We use the fine root data set \citep{Silva;Hall;Tustin;Gandarl:1999} to illustrate various features of the \texttt{cpglmm} function. We are interested at how the distribution of the fine root length density [RLD] is affected by the geometry of the structural root system and the type of the root stock.
<<>>=
head(FineRoot)
@
Following \cite{Zhang:2012}, we specify a model that includes both main effects of stock and zone and their interactions, with the intercept varying by plant:
<<echo = FALSE>>=
load("cpglmm.RData")
@
<<eval = FALSE>>=
f0 <- cpglmm(RLD ~ Stock * Zone + (1|Plant), data = FineRoot)
summary(f0)
@
\begin{Verbatim}
Compound Poisson linear mixed model fit by the Laplace approximation
Formula: RLD ~ Stock * Zone + (1 | Plant)
Data: FineRoot
AIC BIC logLik deviance
-172.5 -138.6 94.27 -188.5
Random effects:
Groups Name Variance Std.Dev.
Plant (Intercept) 0.0077274 0.087906
Residual 0.3286284 0.573261
Number of obs: 511, groups: Plant, 8
Fixed effects:
Estimate Std. Error t value
(Intercept) -2.09823 0.16528 -12.695
StockMM106 -0.06637 0.21888 -0.303
StockMark -0.46346 0.20234 -2.290
ZoneOuter -0.44690 0.25546 -1.749
StockMM106:ZoneOuter 0.02563 0.31241 0.082
StockMark:ZoneOuter -1.16566 0.32468 -3.590
Estimated dispersion parameter: 0.3286
Estimated index parameter: 1.4131
\end{Verbatim}
The output is similar to that from a call of \texttt{glmer}, but reports additionally the estimates of the dispersion and the index parameters.
<<>>=
inherits(f0, "mer")
@
As a result, most of the methods defined in (the old) \texttt{lme4} are directly applicable:
<<>>=
fixef(f0) #coefficients
ranef(f0)
VarCorr(f0) #variance components
@
Models with crossed and nested random effects can also be handled. We illustrate this with a slightly different model structure (we explicitly convert plant to a factor because this is required when nested effects are present):
<<eval = FALSE>>=
FineRoot$Plant <- factor(FineRoot$Plant)
f1 <- cpglmm(RLD ~ Stock + Spacing + (1|Plant), data = FineRoot)
@
We can add another random effect from zone as crossed or nested within plant as follows:
<<eval = FALSE>>=
f2 <- update(f1, . ~ . + (1|Zone))
f3 <- update(f1, . ~ . + (1|Plant:Zone))
# test the additional random effect
anova(f1, f2)
@
\begin{Verbatim}
Data: FineRoot
Models:
f1: RLD ~ Stock + Spacing + (1 | Plant)
f2: RLD ~ Stock + Spacing + (1 | Plant) + (1 | Zone)

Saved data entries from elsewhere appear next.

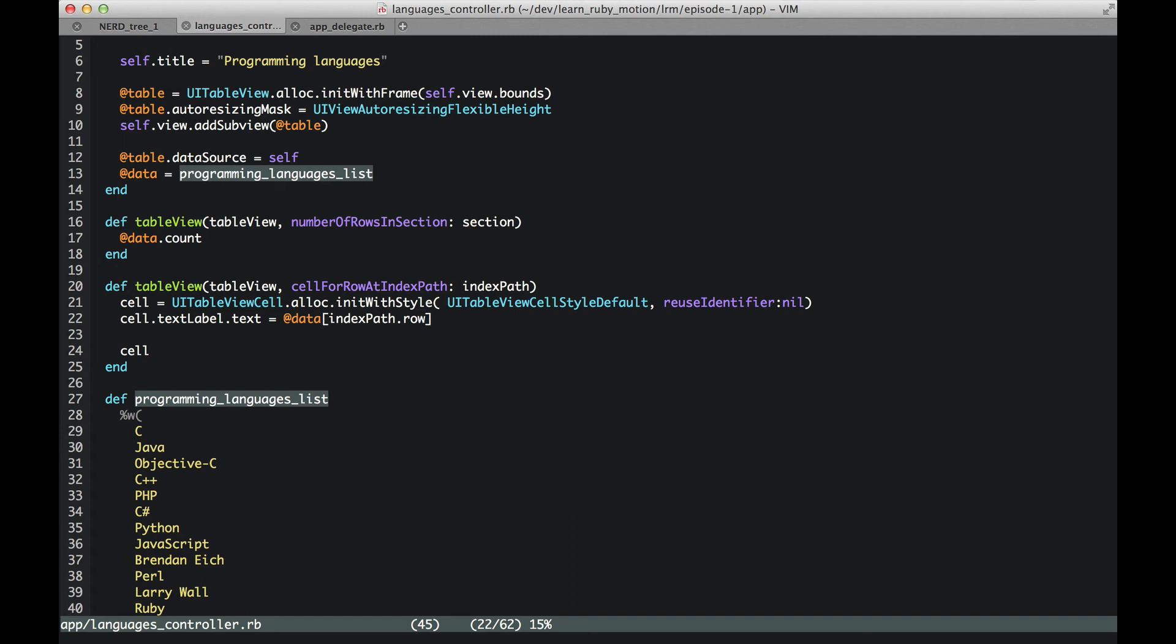So let's say that row number is three. We want to get the programming language name for the third row in the table. That's very easy. From the data, which is an array, we get the third programming language and we assign that to cell.textLabel.text.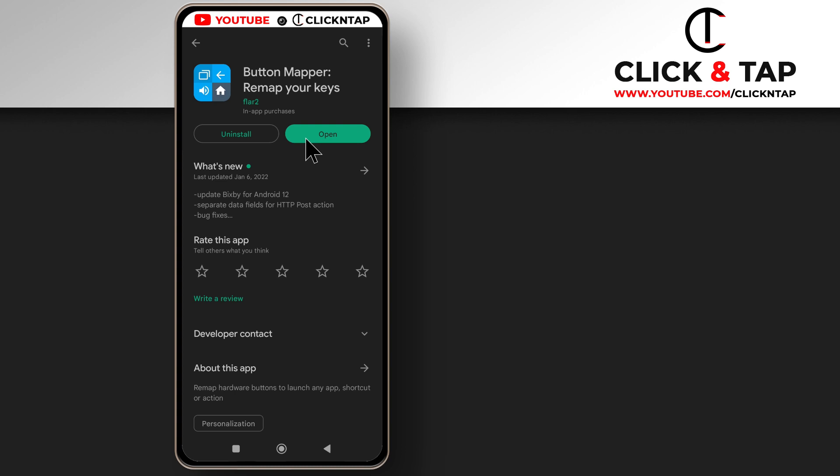So this is the app we're going to be using for this tutorial. I'll leave a link to it in the description, so just tap on the link and then you tap on install, and after it's done installing you tap open.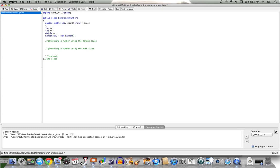Now we can use that instance rng to call the method nextInt. This method wants an argument passed into it, and it will return back an int that's somewhere between 0 and 1 less than the argument passed in. So if I pass in 6, I'll have given back to me a number 0 through 5 inclusive. Now let's store that into the variable rc.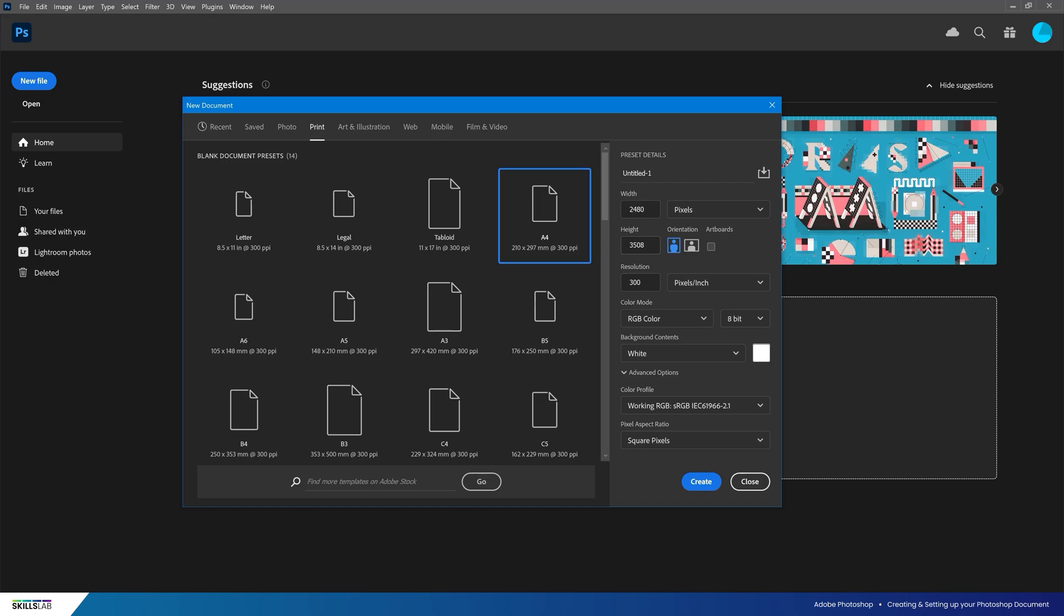For this video, I'm going to keep the width at 2480 pixels, but we're going to set the height to 2480 pixels as well. This will give us a square document and we will keep all of our settings the same.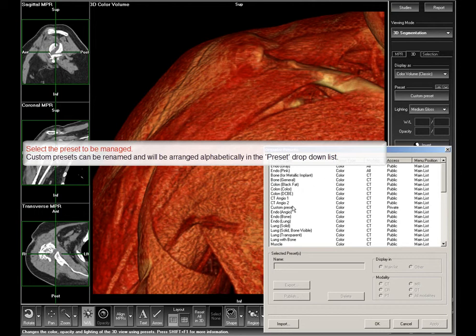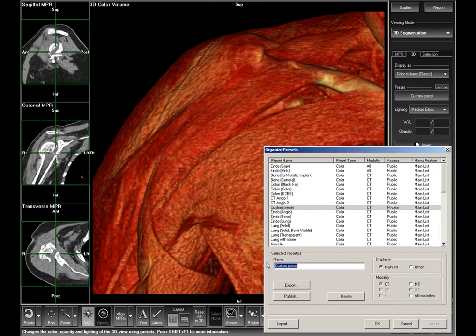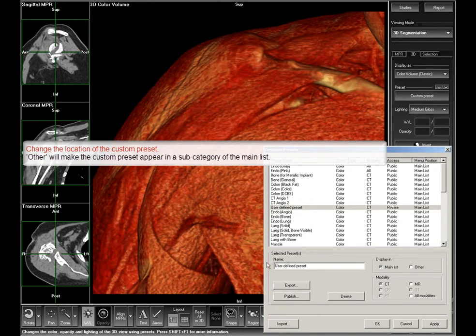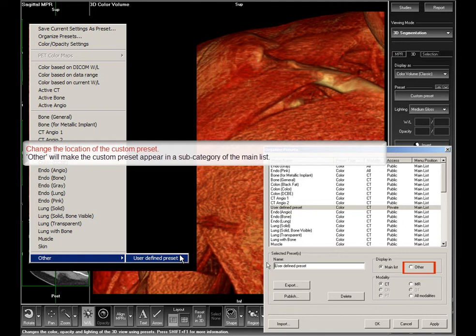Select the preset you want to manage. In the name box, you can rename the selected preset if necessary. Custom presets will be arranged alphabetically in the preset drop-down list. By choosing Display in main list or other, you can define whether the preset will appear at the bottom of the presets list or in the other subcategory of the presets list.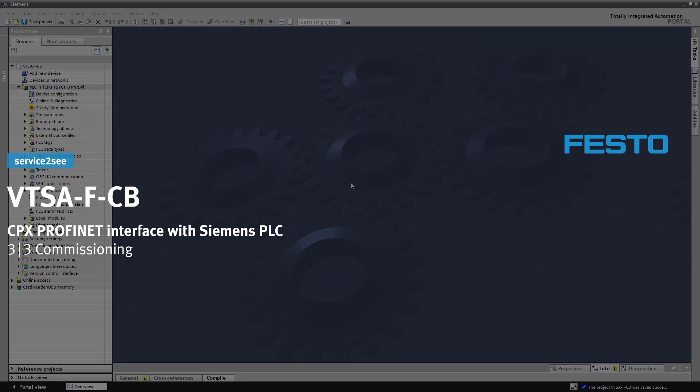This video series shows how to commission the VTSA-FCB with Siemens PLC via Profinet in TIA Portal. Learn how to do the commissioning in this video.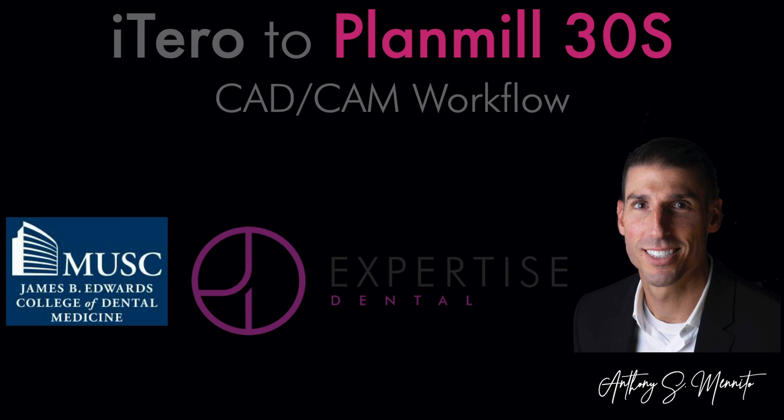Thanks for tuning in. If you have any questions, shoot me an email. My email is my last name, Menito A at MUSC.edu. I'll be happy to help you however I can.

Df AIC BIC logLik Chisq Chi Df Pr(>Chisq)
f1 6 -107.78 -82.367 59.893
f2 7 -145.58 -115.924 79.789 39.794 1 2.823e-10 ***
---
Signif. codes: 0 ‘***’ 0.001 ‘**’ 0.01 ‘*’ 0.05 ‘.’ 0.1 ‘ ’ 1
\end{Verbatim}
<<eval = FALSE>>=
anova(f1, f3)
@
\begin{Verbatim}
Data: FineRoot
Models:
f1: RLD ~ Stock + Spacing + (1 | Plant)
f3: RLD ~ Stock + Spacing + (1 | Plant) + (1 | Plant:Zone)
Df AIC BIC logLik Chisq Chi Df Pr(>Chisq)
f1 6 -107.78 -82.367 59.893
f3 7 -147.04 -117.390 80.523 41.26 1 1.333e-10 ***
---
Signif. codes: 0 ‘***’ 0.001 ‘**’ 0.01 ‘*’ 0.05 ‘.’ 0.1 ‘ ’ 1
\end{Verbatim}
In addition, the \texttt{cpglmm} function allows users to choose alternative optimizers that may perform better in certain circumstances. The \texttt{optimizer} argument determines which optimization routine is to be used. Possible choices are \texttt{"nlminb"} (the default), \texttt{"bobyqa"} and \texttt{"L-BFGS-B"}. We can refit the first example with a different optimizer as follows:
<<eval = FALSE>>=
f4 <- cpglmm(RLD ~ Stock * Zone + (1|Plant),
data = FineRoot, optimizer = "L-BFGS-B",
control = list(trace = 2, PQL.init = FALSE))
@
\begin{Verbatim}
N = 9, M = 5 machine precision = 2.22045e-16
iterations 21
function evaluations 27
segments explored during Cauchy searches 23
BFGS updates skipped 0
active bounds at final generalized Cauchy point 0
norm of the final projected gradient 0.0424422
final function value -188.534
final value -188.534323
converged
\end{Verbatim}
By default, the \texttt{cpglmm} function implements a penalized quasi-likelihood procedure before optimizing the approximated likelihood. In the above, we have specified \texttt{PQL.init = FALSE} to skip that step.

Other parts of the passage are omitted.